Mélanie Thierry incarne une jeune femme incarcérée pour une durée de trois ans, qui apprend qu’elle est enceinte alors que débute son incarcération. Acclamée par les dizaines de détenues tambourinant sur les portes d’acier, elle est transportée à l’hôpital pour accoucher de son fils, Lucas. Ombline découvre qu’il sera son seul salut, sa raison d’être dans cet univers glacé. La loi prévoit que l’on peut élever son enfant en prison jusqu’à dix-huit mois. Lucas donne un sens à sa peine, c’est pour lui qu’elle va se battre, afin de le garder auprès d’elle. Il ne doit pas ressentir qu’il est enfermé ; il faut qu’il ait le sentiment d’être né libre. Après quelques erreurs, qui la conduiront au mitard, Ombline parviendra à instaurer entre ces murs une lueur de liberté.
Le film est un face à face presque constant entre Mélanie Thierry et la caméra, objectif braqué sur elle, tandis qu’elle doit sans cesse repousser les murs qui l’enserrent. Elle cogne des poings et de la tête sur ces parois, dans une tension fluctuante qui insuffle au film la vie. Elle meut son corps dans cet espace réduit, comme si elle devait le rentabiliser au maximum. Mélanie Thierry semble parfaite pour tenir ce rôle, tant elle porte la grandeur d’une Mademoiselle de Montpensier qui aurait en même temps le franc-parler d’une prolétaire.
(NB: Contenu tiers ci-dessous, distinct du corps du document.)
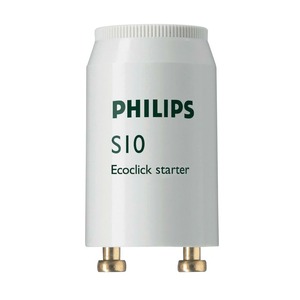 Стартер для ламп Philips S10 4-65W 220-240V 871150069769133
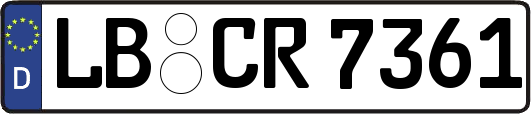 LB-CR7361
Parmi les autres comédiens, beaucoup sont des découvertes, comme le rôle de la codétenue Yamina, ou Catherine Salée apparue au cinéma dans Nue Propriété.
Ombline est le premier long-métrage de Stéphane Cazes, jeune réalisateur fraîchement diplômé d’une école de cinéma. Il parle du milieu carcéral en juste connaissance de cause, pour avoir donné des cours d’alphabétisation dans des prisons, par le bais de l’association GENEPI. L’équipe qui le seconde est non moins expérimentée. Virginie Saint-Martin assure la direction de la photographie après avoir signé une quinzaine de films, dont Le Tango Rashevski. Tourné pour partie en décors naturels à la prison Saint-Michel de Toulouse, le film n’est pas une illustration de la vie carcérale, mais le récit d’une destinée propulsée à une vitesse folle, qui fait oublier les lieux-mêmes de l’action, pour refonder notre vision de la détention.
Ombline ne dénonce pas une situation mais se place juste au cœur de la vie dans ses conditions les moins vulgaires et les plus vraies, non pour crier à l’injustice mais pour nous faire part d’une destinée apte à transcender tous les territoires, seraient-ils tragiquement inhumains.